## DIRECTIONS
All lines below between the line with "Teenage Mutant Ninja" and the line with "48 Pack 2 Oz", including both, must be copied exactly, and the pictures must be omitted.

## GIVEN DATA
* * * * *

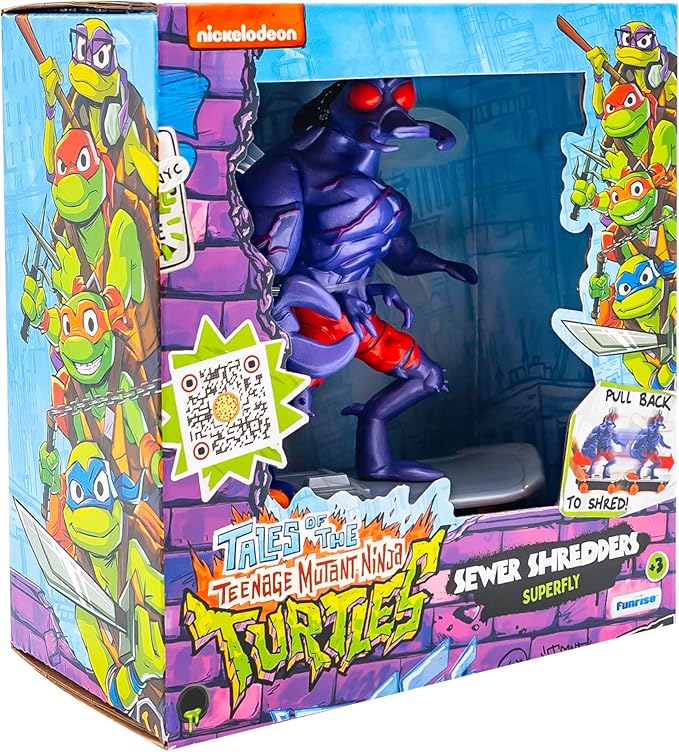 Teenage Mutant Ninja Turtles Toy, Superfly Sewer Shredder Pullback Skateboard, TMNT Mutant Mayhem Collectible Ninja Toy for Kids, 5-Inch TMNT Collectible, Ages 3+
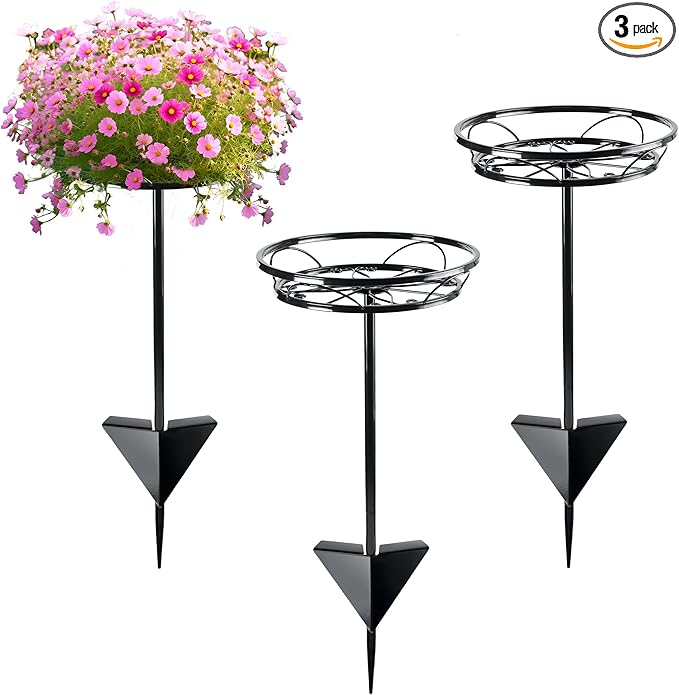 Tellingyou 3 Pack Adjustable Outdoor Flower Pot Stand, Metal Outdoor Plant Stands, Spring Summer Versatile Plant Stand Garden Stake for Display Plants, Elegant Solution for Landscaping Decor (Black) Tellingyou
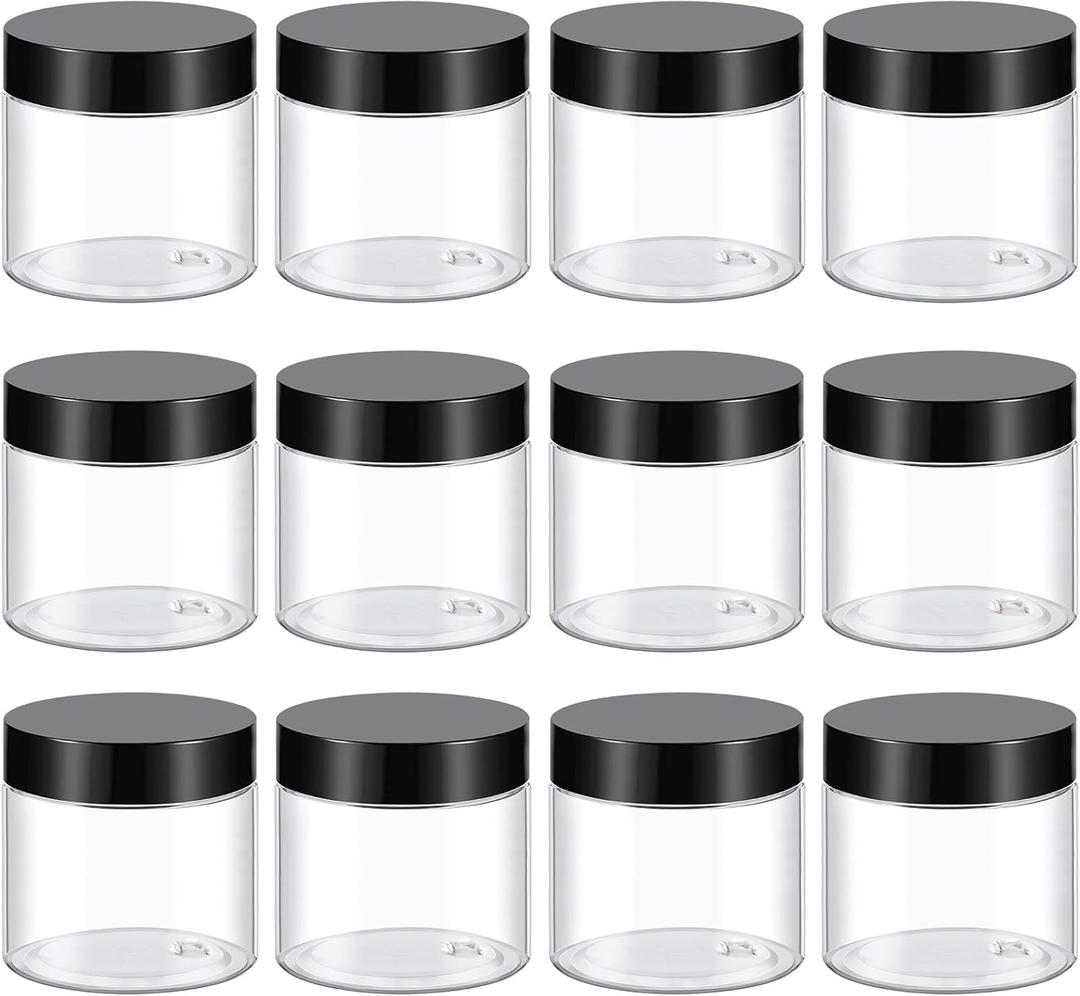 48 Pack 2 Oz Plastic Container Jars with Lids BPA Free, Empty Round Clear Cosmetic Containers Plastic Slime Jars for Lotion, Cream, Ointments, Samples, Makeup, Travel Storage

* * * * *

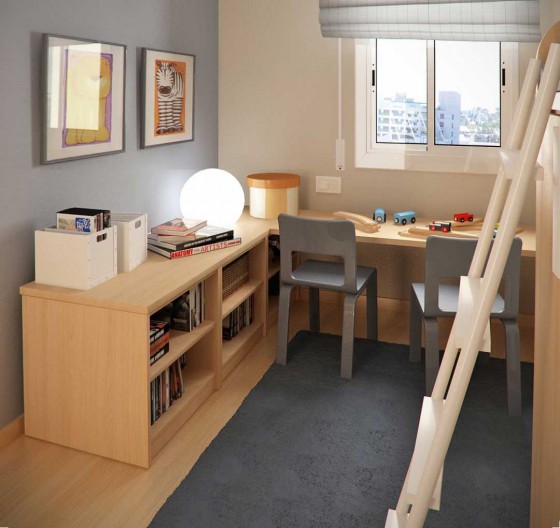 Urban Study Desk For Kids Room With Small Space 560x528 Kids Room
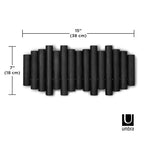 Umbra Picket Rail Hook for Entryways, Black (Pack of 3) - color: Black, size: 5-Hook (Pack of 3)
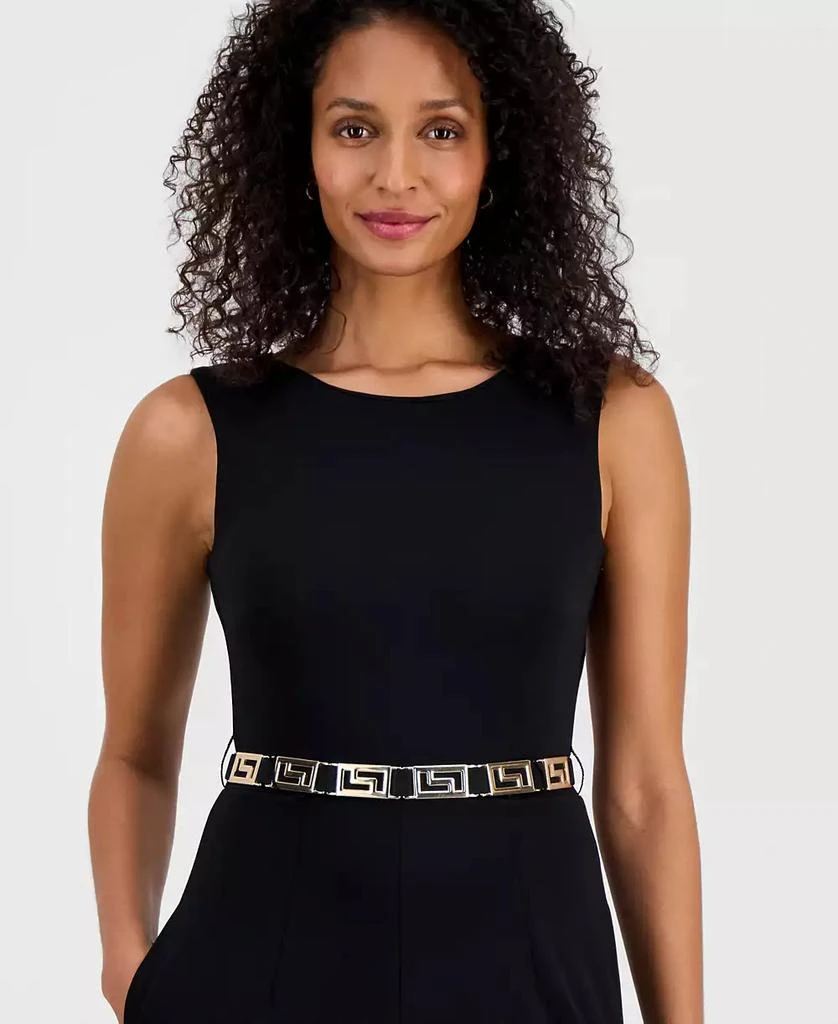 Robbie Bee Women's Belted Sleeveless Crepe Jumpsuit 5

* * * * *

## ANSWER SPACE
 Teenage Mutant Ninja Turtles Toy, Superfly Sewer Shredder Pullback Skateboard, TMNT Mutant Mayhem Collectible Ninja Toy for Kids, 5-Inch TMNT Collectible, Ages 3+
 Tellingyou 3 Pack Adjustable Outdoor Flower Pot Stand, Metal Outdoor Plant Stands, Spring Summer Versatile Plant Stand Garden Stake for Display Plants, Elegant Solution for Landscaping Decor (Black) Tellingyou
 48 Pack 2 Oz Plastic Container Jars with Lids BPA Free, Empty Round Clear Cosmetic Containers Plastic Slime Jars for Lotion, Cream, Ointments, Samples, Makeup, Travel Storage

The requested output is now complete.